» INSTRUCTIONS TO FOLLOW: Would you reproduce the data below exactly, please, leaving out its images?

[DATA TO PROCESS — start]

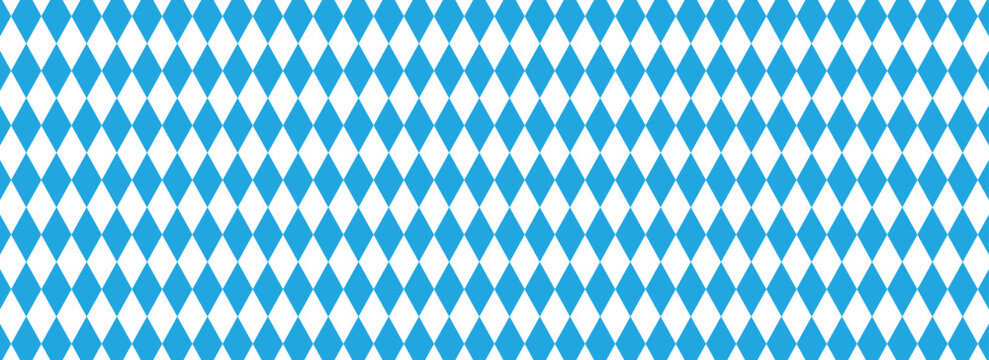 Blue and white Bavarian checkered seamless pattern inspired by Oktoberfest. Classic German textile background for fabric, apparel, wallpaper, tablecloths, wrapping paper, and surface design.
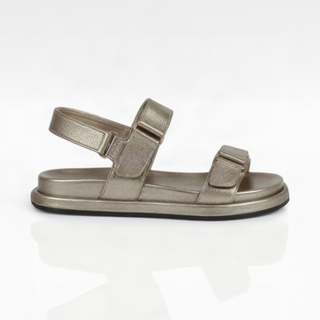 Sandalia plana 1002 de cuero para mujer color Luna, vista lateral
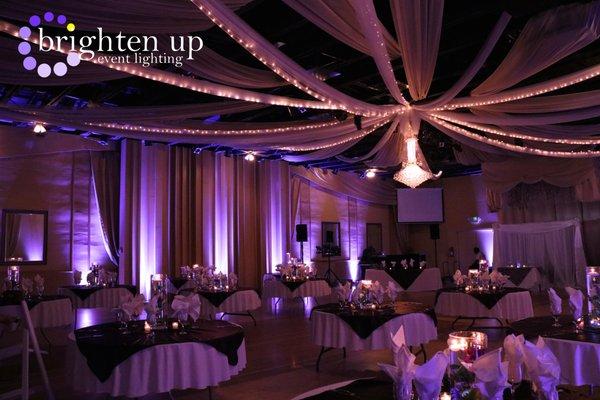 Beautiful purple uplighting at the Uptown Ballroom. Uplighting by Brighten Up Event Lighting www.brightenuplighting.com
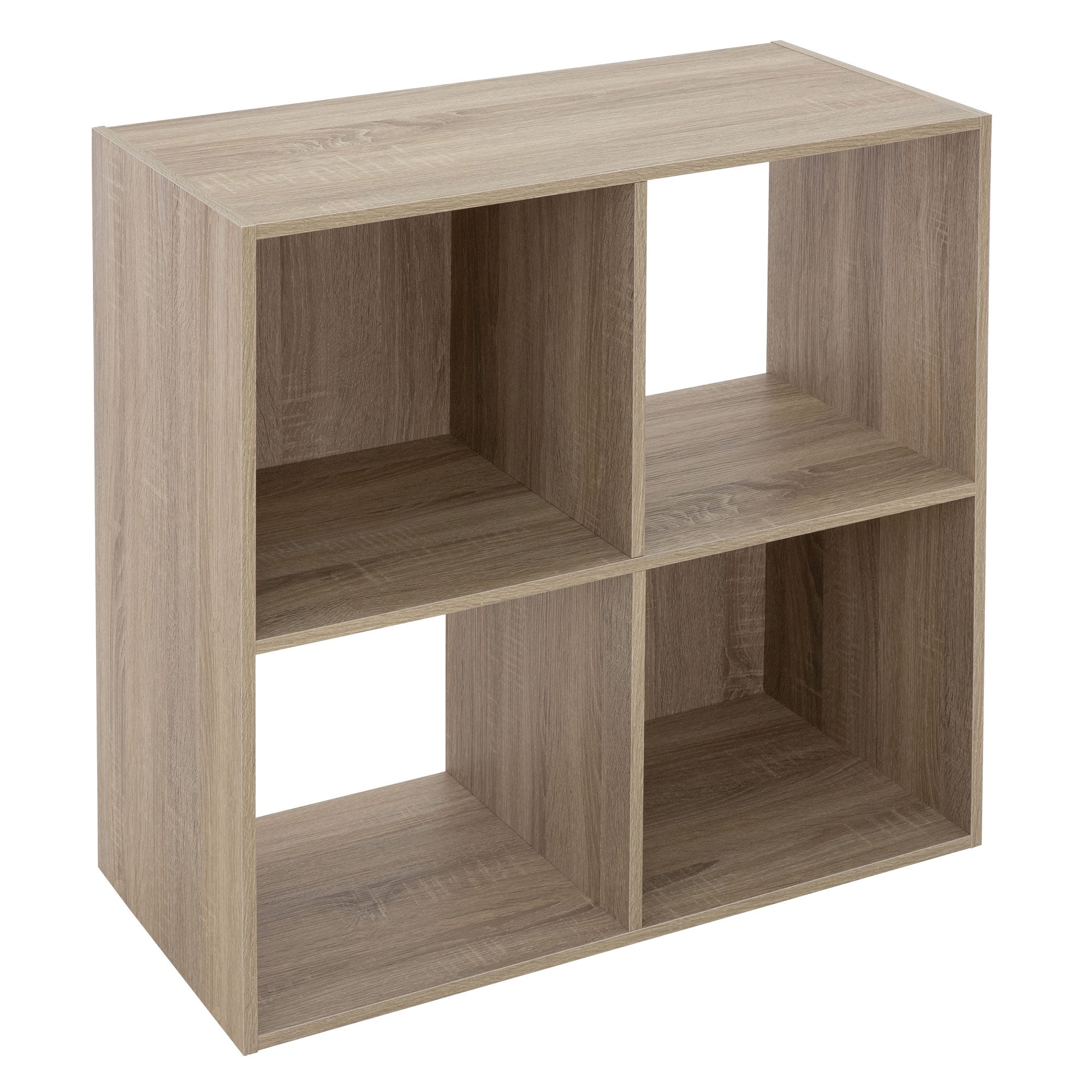 Étagère en bois avec quatre compartiments en aspect bois clair.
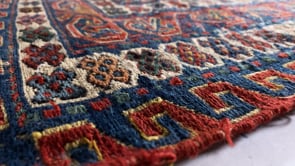 Caucasian Rug Shirvan Handmade Area Antique Traditional 8'3"x10'1" (8x10) Red Blue Geometric Soumak Design #18652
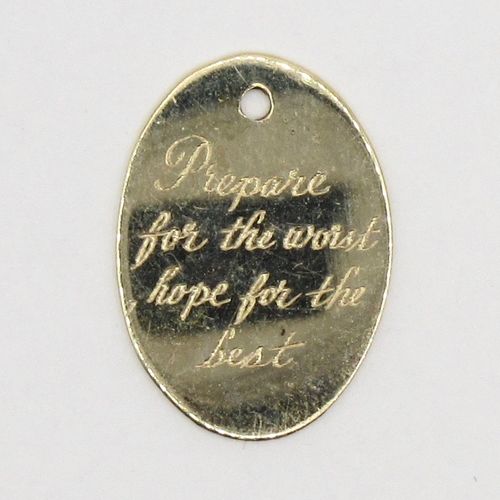 'Prepare...' Oval Engraved Disc Charm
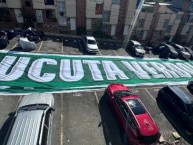 Trapo - Bandeira - Faixa - Telón - "Telón de la filial Cucuta" Trapo de la Barra: Los del Sur &bull; Club: Atlético Nacional &bull; País: Colombia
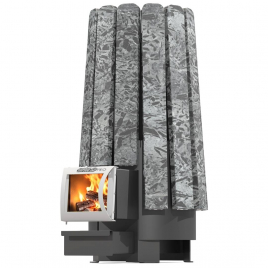 Дровяная банная печь GrillD Cometa 180 Vega Long Stone Pro, серпентинит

[DATA TO PROCESS — finish]

» ANSWER:
 Blue and white Bavarian checkered seamless pattern inspired by Oktoberfest. Classic German textile background for fabric, apparel, wallpaper, tablecloths, wrapping paper, and surface design.
 Sandalia plana 1002 de cuero para mujer color Luna, vista lateral
 Beautiful purple uplighting at the Uptown Ballroom. Uplighting by Brighten Up Event Lighting www.brightenuplighting.com
 Étagère en bois avec quatre compartiments en aspect bois clair.
 Caucasian Rug Shirvan Handmade Area Antique Traditional 8'3"x10'1" (8x10) Red Blue Geometric Soumak Design #18652
 'Prepare...' Oval Engraved Disc Charm
 Trapo - Bandeira - Faixa - Telón - "Telón de la filial Cucuta" Trapo de la Barra: Los del Sur &bull; Club: Atlético Nacional &bull; País: Colombia
 Дровяная банная печь GrillD Cometa 180 Vega Long Stone Pro, серпентинит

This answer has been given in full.